(Brief descriptive captions)
=== Begin Enclosure ===
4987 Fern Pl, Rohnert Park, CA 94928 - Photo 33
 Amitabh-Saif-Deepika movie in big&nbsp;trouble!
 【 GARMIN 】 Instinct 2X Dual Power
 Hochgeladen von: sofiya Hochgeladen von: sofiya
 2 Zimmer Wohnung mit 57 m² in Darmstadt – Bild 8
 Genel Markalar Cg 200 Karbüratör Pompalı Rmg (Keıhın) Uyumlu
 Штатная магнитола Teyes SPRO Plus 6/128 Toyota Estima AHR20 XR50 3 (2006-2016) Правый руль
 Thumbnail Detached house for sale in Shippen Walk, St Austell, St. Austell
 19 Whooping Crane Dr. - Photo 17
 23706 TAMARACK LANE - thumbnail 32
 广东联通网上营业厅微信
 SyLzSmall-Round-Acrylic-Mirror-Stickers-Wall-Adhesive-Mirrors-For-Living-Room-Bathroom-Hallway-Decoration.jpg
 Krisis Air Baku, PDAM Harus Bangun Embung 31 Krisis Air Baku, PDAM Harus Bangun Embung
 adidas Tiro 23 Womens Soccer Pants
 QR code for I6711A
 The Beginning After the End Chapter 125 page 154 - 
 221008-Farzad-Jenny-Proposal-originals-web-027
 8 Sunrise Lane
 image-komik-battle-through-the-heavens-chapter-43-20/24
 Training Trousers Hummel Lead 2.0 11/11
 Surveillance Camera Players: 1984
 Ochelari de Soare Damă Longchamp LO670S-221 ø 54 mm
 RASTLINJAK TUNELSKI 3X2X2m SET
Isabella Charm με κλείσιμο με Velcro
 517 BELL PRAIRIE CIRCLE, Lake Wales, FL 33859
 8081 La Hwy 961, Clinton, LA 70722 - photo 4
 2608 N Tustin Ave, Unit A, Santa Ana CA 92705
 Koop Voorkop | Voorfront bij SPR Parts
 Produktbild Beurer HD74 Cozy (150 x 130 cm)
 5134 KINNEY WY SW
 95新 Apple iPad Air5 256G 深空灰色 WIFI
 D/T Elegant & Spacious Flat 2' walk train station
=== End Enclosure ===
- [ABOUT THIS EXERCISE]
Only the lines above from the line containing "19 Whooping Crane Dr. - Photo 17" through the line containing "Ochelari de Soare" should be retyped, exactly and with both ends included.

- [EXERCISE ANSWER]
 19 Whooping Crane Dr. - Photo 17
 23706 TAMARACK LANE - thumbnail 32
 广东联通网上营业厅微信
 SyLzSmall-Round-Acrylic-Mirror-Stickers-Wall-Adhesive-Mirrors-For-Living-Room-Bathroom-Hallway-Decoration.jpg
 Krisis Air Baku, PDAM Harus Bangun Embung 31 Krisis Air Baku, PDAM Harus Bangun Embung
 adidas Tiro 23 Womens Soccer Pants
 QR code for I6711A
 The Beginning After the End Chapter 125 page 154 - 
 221008-Farzad-Jenny-Proposal-originals-web-027
 8 Sunrise Lane
 image-komik-battle-through-the-heavens-chapter-43-20/24
 Training Trousers Hummel Lead 2.0 11/11
 Surveillance Camera Players: 1984
 Ochelari de Soare Damă Longchamp LO670S-221 ø 54 mm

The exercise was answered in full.